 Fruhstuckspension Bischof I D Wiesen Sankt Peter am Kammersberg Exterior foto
◆ ◆ ◆
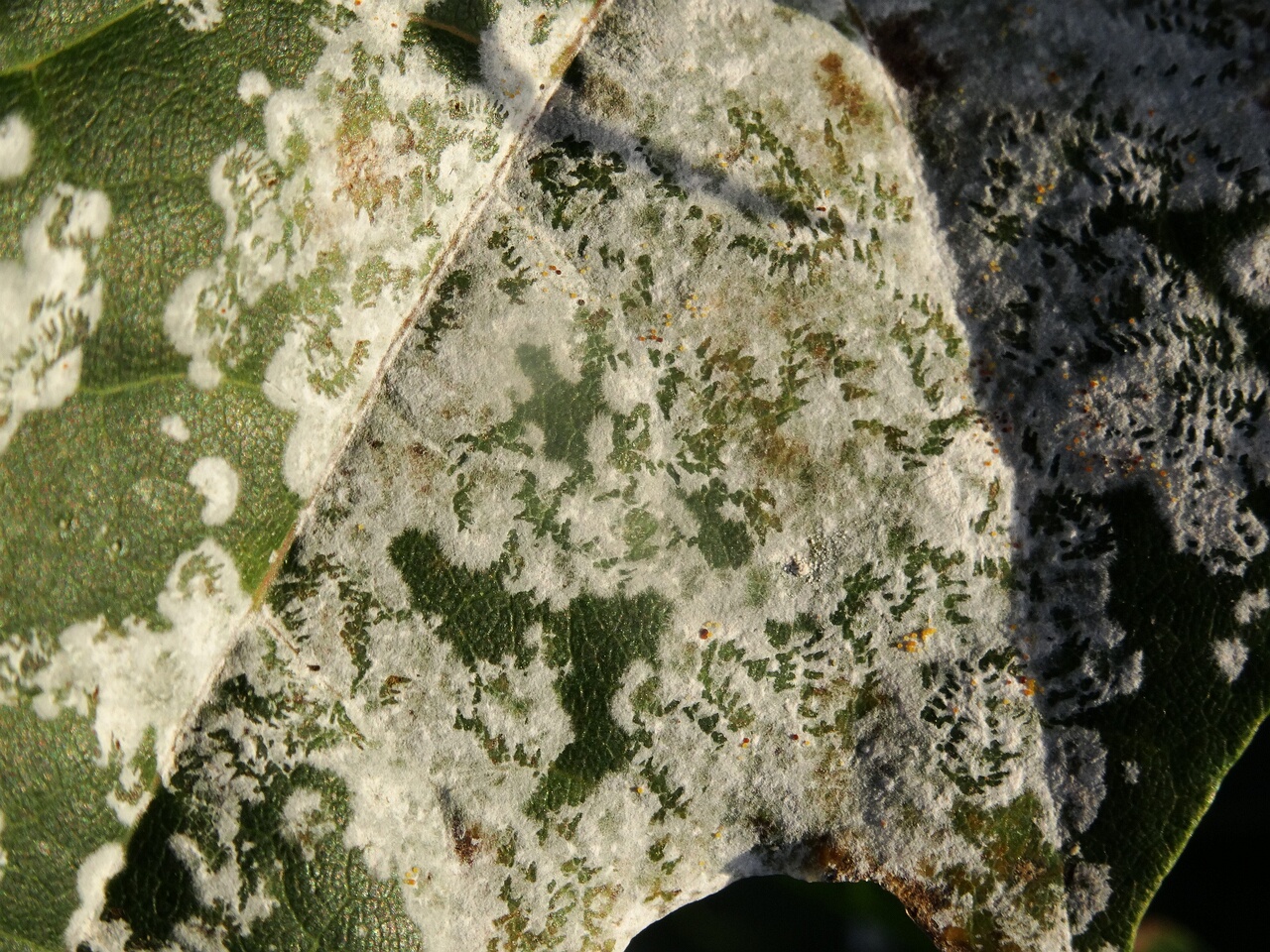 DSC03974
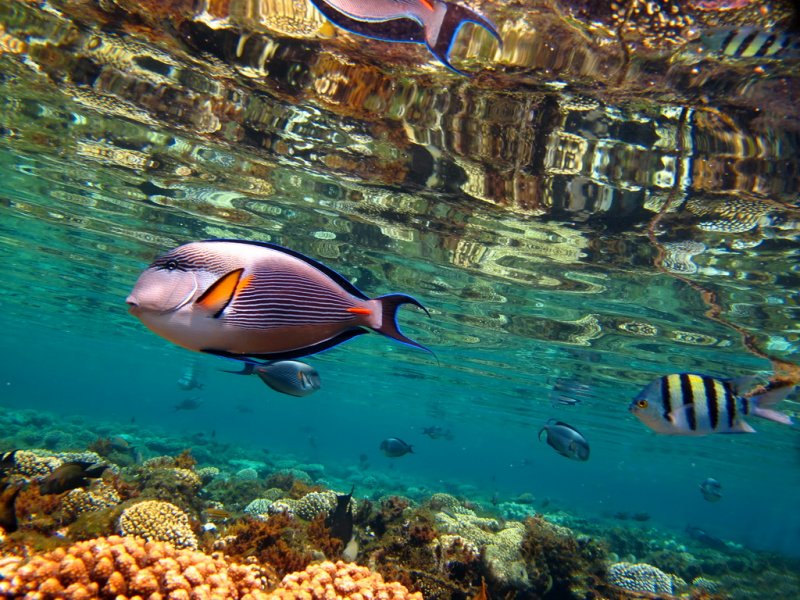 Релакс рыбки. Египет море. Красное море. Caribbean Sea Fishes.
◆ ◆ ◆
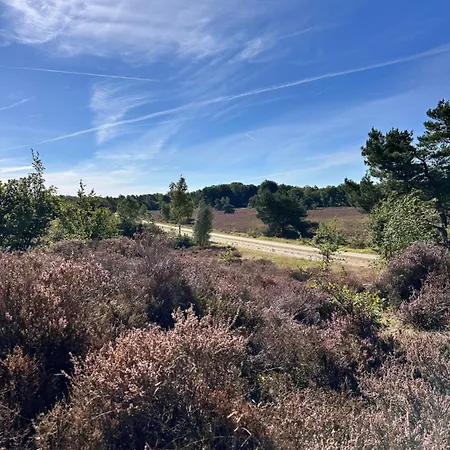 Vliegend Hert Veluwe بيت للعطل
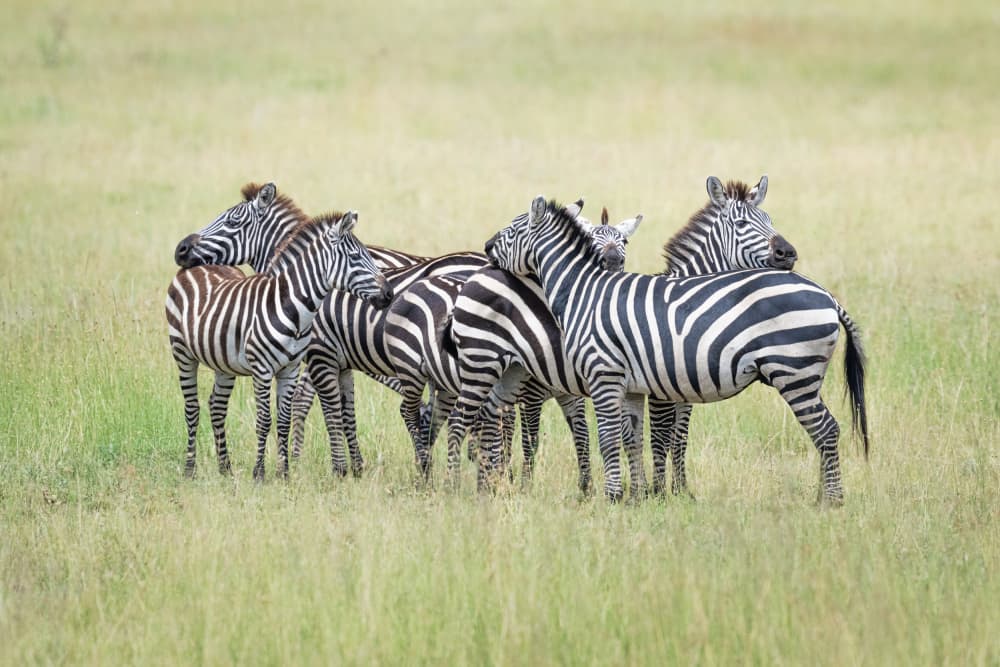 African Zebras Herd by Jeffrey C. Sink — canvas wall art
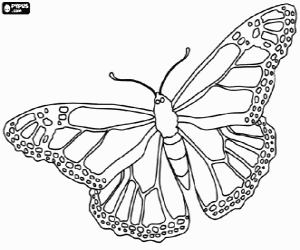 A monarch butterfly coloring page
◆ ◆ ◆
Task details: Reproduce the listing above only between the lines holding "Vliegend Hert Veluwe بيت للعطل" and "A monarch butterfly coloring page", inclusive. Every line must match exactly, and pictures are dropped.

Solution to this exercise:
 Vliegend Hert Veluwe بيت للعطل
 African Zebras Herd by Jeffrey C. Sink — canvas wall art
 A monarch butterfly coloring page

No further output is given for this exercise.